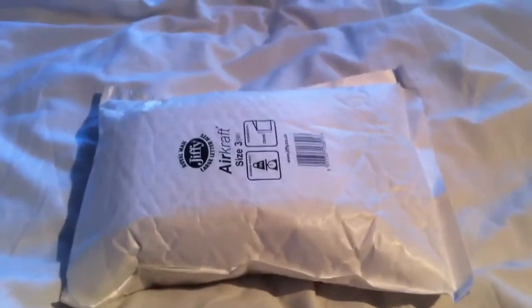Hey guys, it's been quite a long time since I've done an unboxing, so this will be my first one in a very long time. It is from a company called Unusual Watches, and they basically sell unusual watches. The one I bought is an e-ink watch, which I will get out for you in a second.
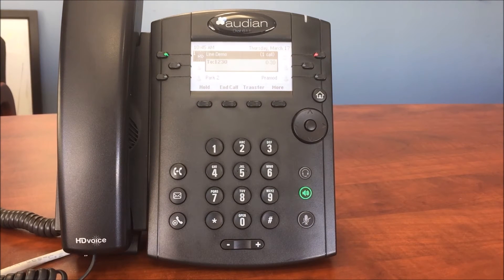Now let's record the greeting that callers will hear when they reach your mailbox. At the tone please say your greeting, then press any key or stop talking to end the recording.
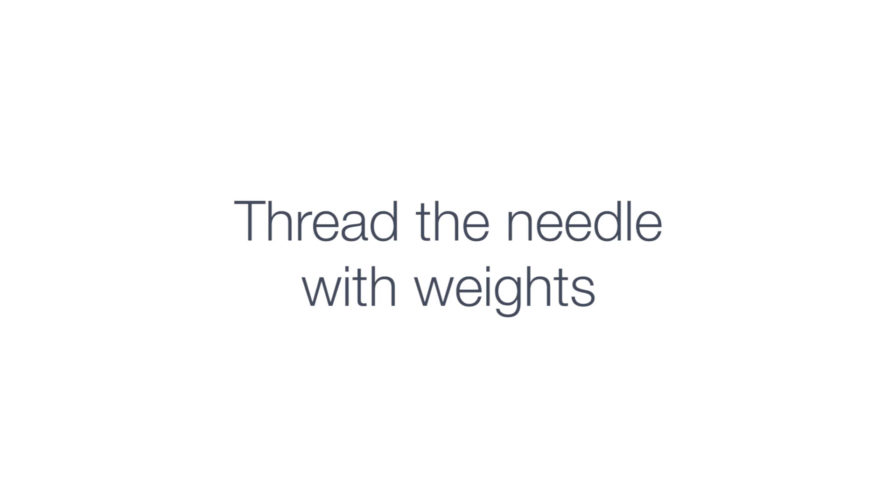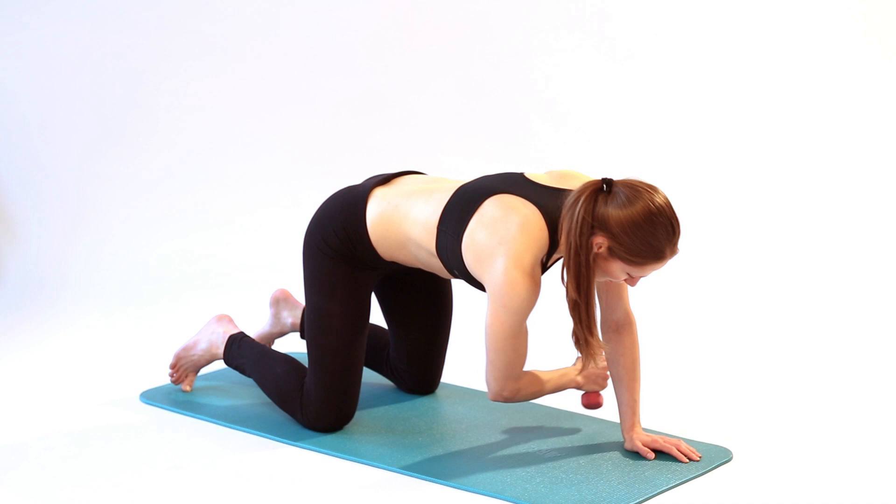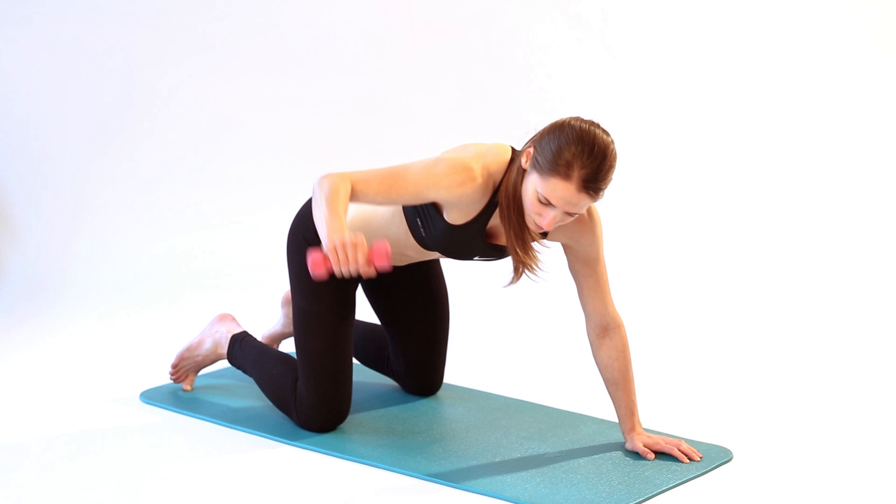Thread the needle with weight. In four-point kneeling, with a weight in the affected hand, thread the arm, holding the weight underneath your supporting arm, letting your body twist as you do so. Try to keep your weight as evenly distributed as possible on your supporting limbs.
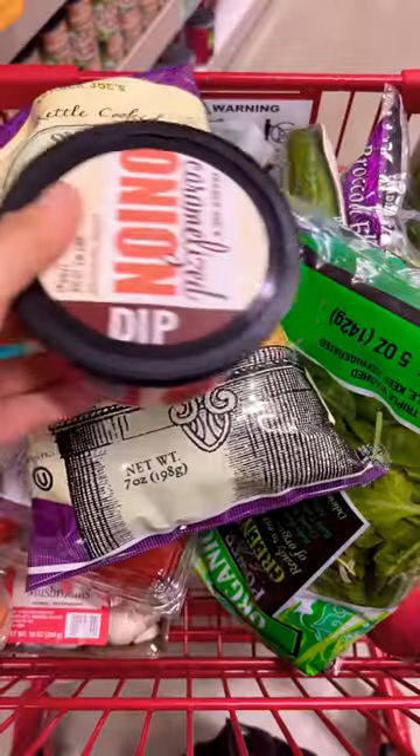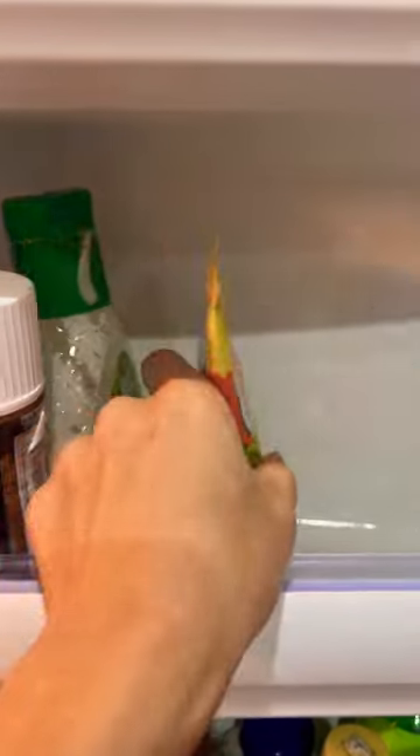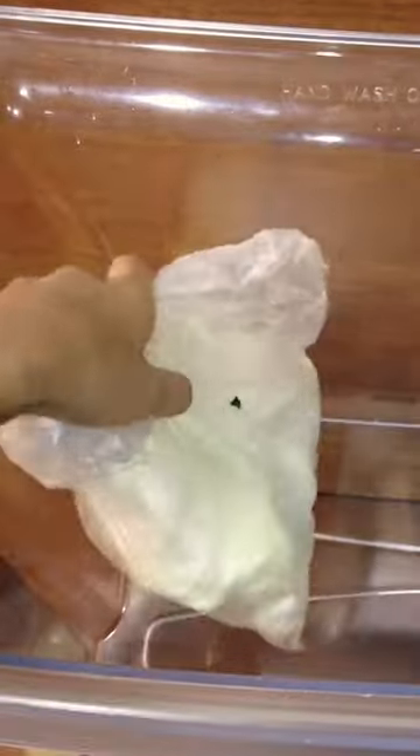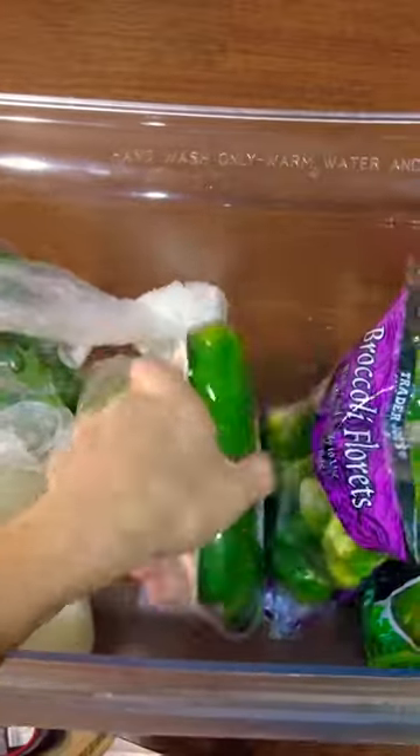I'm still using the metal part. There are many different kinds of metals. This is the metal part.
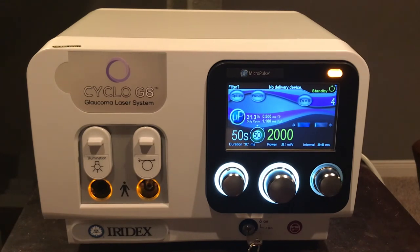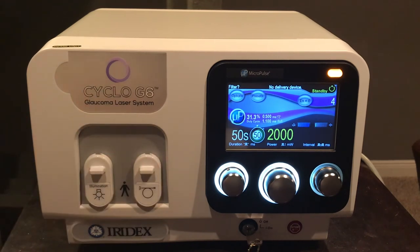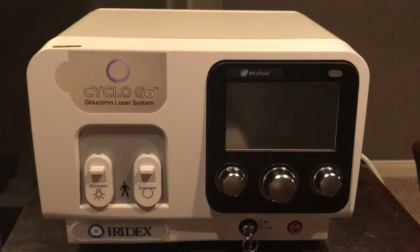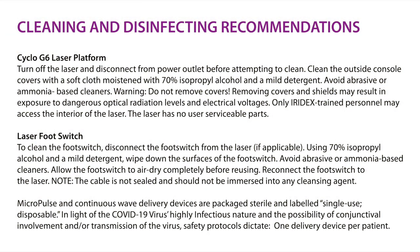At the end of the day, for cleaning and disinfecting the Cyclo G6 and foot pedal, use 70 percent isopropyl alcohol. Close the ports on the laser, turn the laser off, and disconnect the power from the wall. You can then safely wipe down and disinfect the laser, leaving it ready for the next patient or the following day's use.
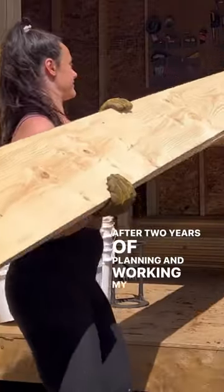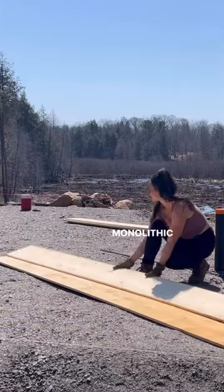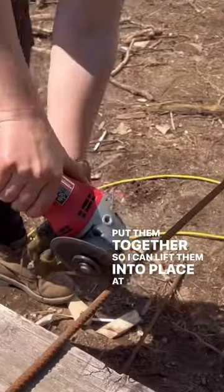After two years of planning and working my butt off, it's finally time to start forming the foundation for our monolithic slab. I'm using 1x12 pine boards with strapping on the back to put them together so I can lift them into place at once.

___

## Work instructions:
Among the entries above, copy exactly the stretch from the line holding "Now let's record" through the line holding "I'm still using", leaving out any pictures.

## Finished exercise:
Now let's record the greeting that callers will hear when they reach your mailbox. At the tone please say your greeting, then press any key or stop talking to end the recording.
Thread the needle with weight. In four-point kneeling, with a weight in the affected hand, thread the arm, holding the weight underneath your supporting arm, letting your body twist as you do so. Try to keep your weight as evenly distributed as possible on your supporting limbs.
I'm still using the metal part. There are many different kinds of metals. This is the metal part.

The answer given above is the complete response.